Dr. George Rutherford, an epidemiologist at the University of California, San Francisco, said the state was in better shape than others because 12 million people have received at least one dose of vaccine and there’s a fair bit of immunity — with an estimated 37% of people in Los Angeles County having been infected.

“California has a shot. I think we have a good chance of beating the fourth wave,” Rutherford said. “We’re much more conservative in (easing) restrictions. So we’re moving very slowly through the tiers unlike other states that have thrown caution to the wind.”

Nearly half of California’s 40 million people live in areas where restrictions are easing to some degree and some of the largest counties are preparing to allow more people to watch a movie at the cinema, attend church services or dine in a restaurant.

Los Angeles County, with a quarter of the state’s population and 40% of the deaths, was approved Tuesday to move into the the orange tier — the second-to-lowest — but opted to wait another week to make sure it holds the line on new infections.

Neighboring Orange County, the state’s third most populous with 3 million residents, moved immediately into that tier, allowing restaurants, theaters, museums and houses of worship to allow people indoors at 50% capacity. Bars that don’t serve food can operate outdoors.

As Orange County officials announced a new vaccination site at the county fairgrounds Wednesday, they also cautioned against ditching face masks or mingling too closely with people outside the household.

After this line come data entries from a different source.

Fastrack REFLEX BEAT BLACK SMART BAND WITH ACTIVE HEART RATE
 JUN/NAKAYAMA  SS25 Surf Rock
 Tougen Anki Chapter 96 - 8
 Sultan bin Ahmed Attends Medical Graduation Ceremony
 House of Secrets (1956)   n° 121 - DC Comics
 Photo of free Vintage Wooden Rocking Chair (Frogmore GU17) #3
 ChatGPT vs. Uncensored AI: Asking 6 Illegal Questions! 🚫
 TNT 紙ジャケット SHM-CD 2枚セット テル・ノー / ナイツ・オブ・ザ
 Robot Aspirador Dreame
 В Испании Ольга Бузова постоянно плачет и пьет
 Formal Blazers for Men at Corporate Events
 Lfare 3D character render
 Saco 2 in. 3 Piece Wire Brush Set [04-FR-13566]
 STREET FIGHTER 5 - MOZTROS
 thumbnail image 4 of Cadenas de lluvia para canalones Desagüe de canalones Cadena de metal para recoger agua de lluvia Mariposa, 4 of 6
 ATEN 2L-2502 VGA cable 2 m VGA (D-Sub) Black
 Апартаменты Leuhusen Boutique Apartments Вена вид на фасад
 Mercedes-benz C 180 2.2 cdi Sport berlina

“Every day that we can postpone any additional bad news coming, that’s another day we have to vaccinate more people,” said Supervisor Doug Chaffee. “That’s really the best defense we have.”

The arrival of April comes with much of the state basking in summery temperatures during a week that is spring break for a lot of students who have been cooped up and learning from home. Those two factors and the broader reopening that includes a recent return to indoor dining drove a mini tourist boom Wednesday at the beaches in Southern California.

In Huntington Beach, aka “Surf City USA,” which hosted protests against coronavirus closures and mask mandates, people strolled through downtown wearing bathing suits and shorts and — occasionally — face masks. They toted towels and beach chairs as temperatures rose into the 80s.

Colorful umbrellas dotted the beach in Santa Monica and hundreds of people stood in the cool waters near the pier as head-high waves rolled ashore. Tourists from far and near flocked to the scenic pier that was closed throughout much of the pandemic, lining up outside restaurants that are still at limited capacity.

Morgan Reliford said business has been robust at Blazing Saddles, where she had rented out more than 120 bikes by 2 p.m.

Reliford, who wore a mask and purple rubber gloves, said she felt things were reopening too quickly for her comfort.

“I feel like we’re bored and frustrated with being in the house that we’re kind of rushing it,” she said.

Thursday marks the opening of day of Major League Baseball with games in Oakland, Anaheim and San Diego before fans for the first time in California since 2019.

The San Diego Padres will be limited to 20% seating capacity, because the second-largest county is in the red tier. If LA moves to the orange tier next week, the World Series-defending Dodgers will be able to hold their home opener April 9 with a third of the stadium full.

The arrival of April also is the first day theme parks will be able to operate, though they’ll be limited to 15% capacity and masks will be required.

In addition to the park at the Santa Cruz Boardwalk, Six Flags Magic Mountain in Valencia and Legoland in Carlsbad are reopening.

Junior Simental, a state prison guard who was waiting with his family to be called for a table at a restaurant on the Santa Monica Pier, said his family can’t wait to hit the amusement parks

“We’re going to do all of ’em: Six Flags, Disneyland, Universal (Studios),” Simental said. “As soon as we get the chance.”